Cashiers at the Harold branch of Tesco Express are begging their manager to put an end to the practise that sees them forced to ask every single customer how they are.
“It’s horrible,” said one shell-shocked worker who asked to remain anonymous. “Everyone knows that when someone behind a till asks you that question you either ignore it or grunt out a one-word answer but not here. I don’t know what’s wrong with everyone, except I do, and in the most harrowing detail.”

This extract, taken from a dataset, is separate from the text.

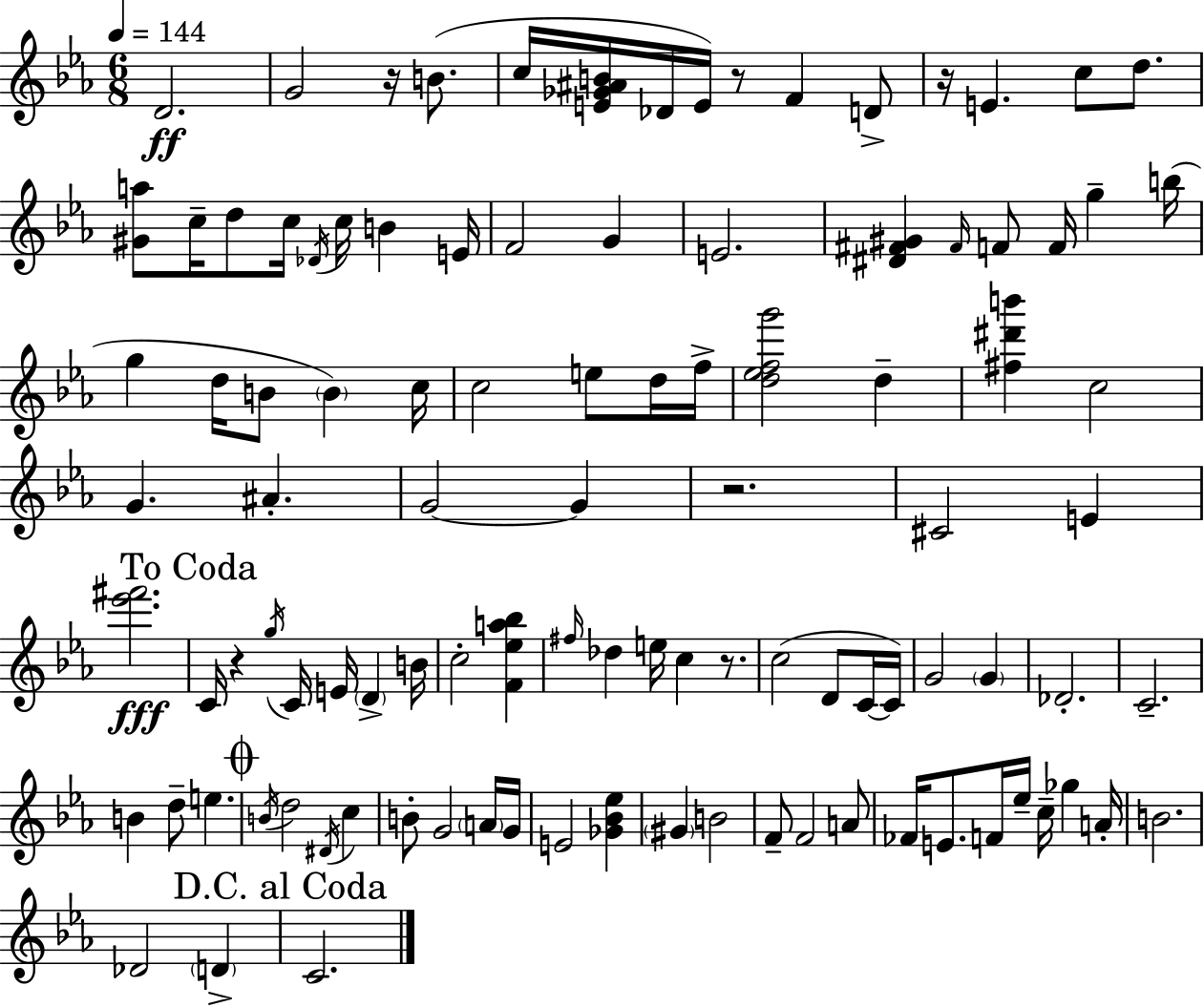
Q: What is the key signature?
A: EES major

“I deliberately say ‘Hi, how are you’ with less energy and interest than a dead hedgehog but it makes no difference,” said another employee who also refused to be named. “The floodgates open and the most dreadful tales of misfortune and sexual dysfunction come tumbling out. Sometimes I pretend I can’t scan something just to press the buzzer and get a ten second break from it while I talk to my supervisor about the price of waffles.”

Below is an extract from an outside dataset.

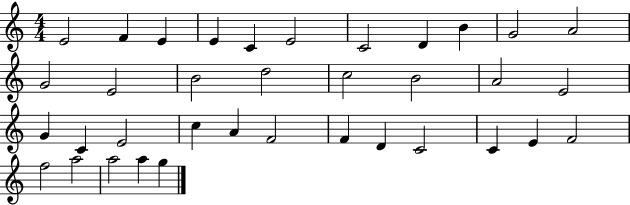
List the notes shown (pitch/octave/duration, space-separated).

E4/h F4/q E4/q E4/q C4/q E4/h C4/h D4/q B4/q G4/h A4/h G4/h E4/h B4/h D5/h C5/h B4/h A4/h E4/h G4/q C4/q E4/h C5/q A4/q F4/h F4/q D4/q C4/h C4/q E4/q F4/h F5/h A5/h A5/h A5/q G5/q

Manager of Harold Tesco Express Paul Watts went on the record to deny that there was a problem.
“I’m very encouraged that villagers want to chat to us after all we are a local store and not some faceless monolith that barged into the community and deliberately undercut all the independent shops until Tesco reigned supreme. We’re not like that at all. Ha ha ha!”

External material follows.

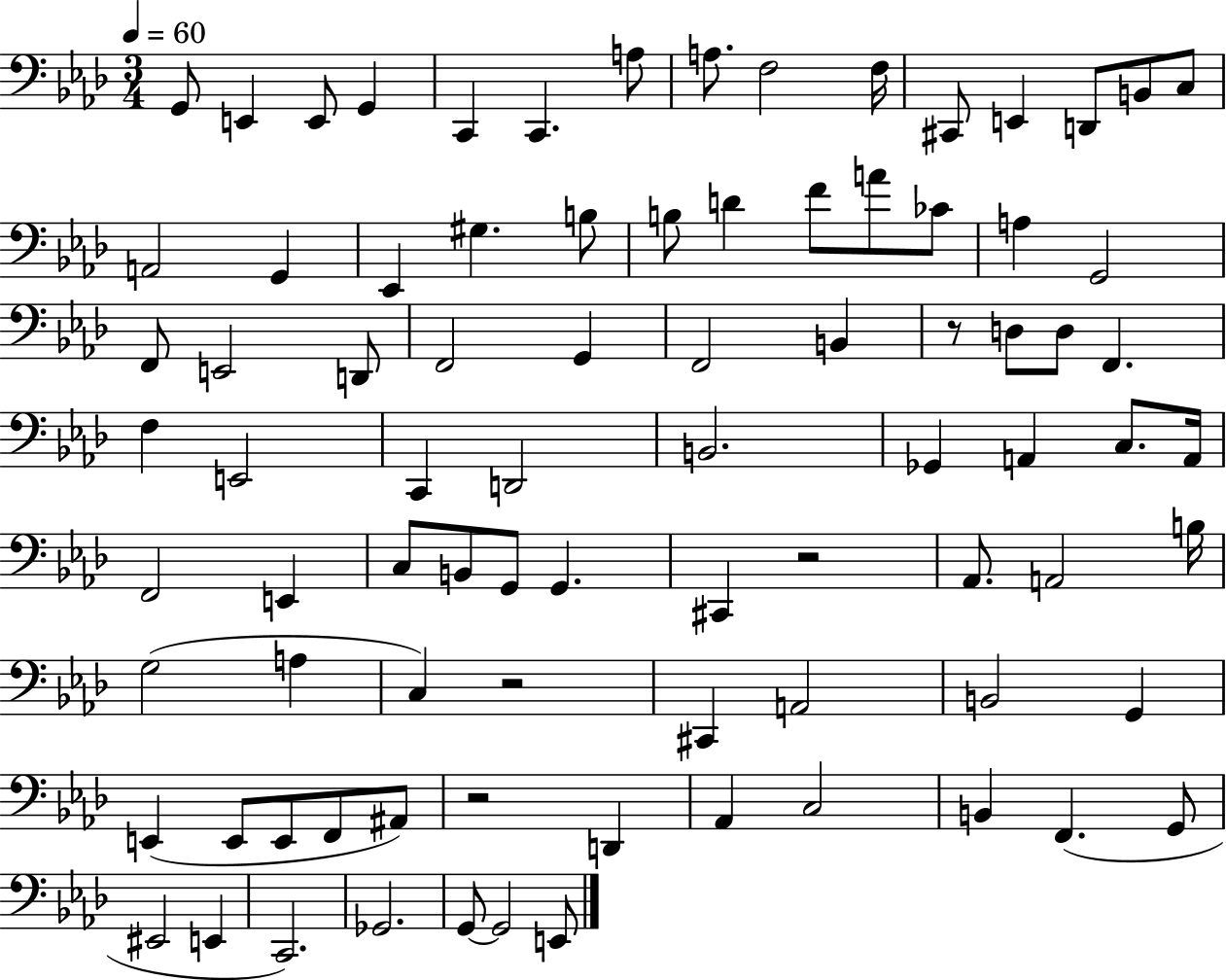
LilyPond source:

When his slightly manic laughter had subsided the Evening Harold asked why his staff were afraid to be publicly named as critics of store policy and whether there was any truth to the rumour of ‘Tesco Police’ a heavily-armed paramilitary wing of the corporation who roam the country putting in planning applications on any piece of land larger than a shoebox and crushing workplace dissent.
“That’s ridiculous!” exclaimed Watts. “Just because one of every four pounds in the UK is spent at Tescos and we have unstoppably expanded both physically and in areas like banking and video-on-demand does not mean we’re taking over. There is nothing to fear from Tesco – it’s double-plus good.”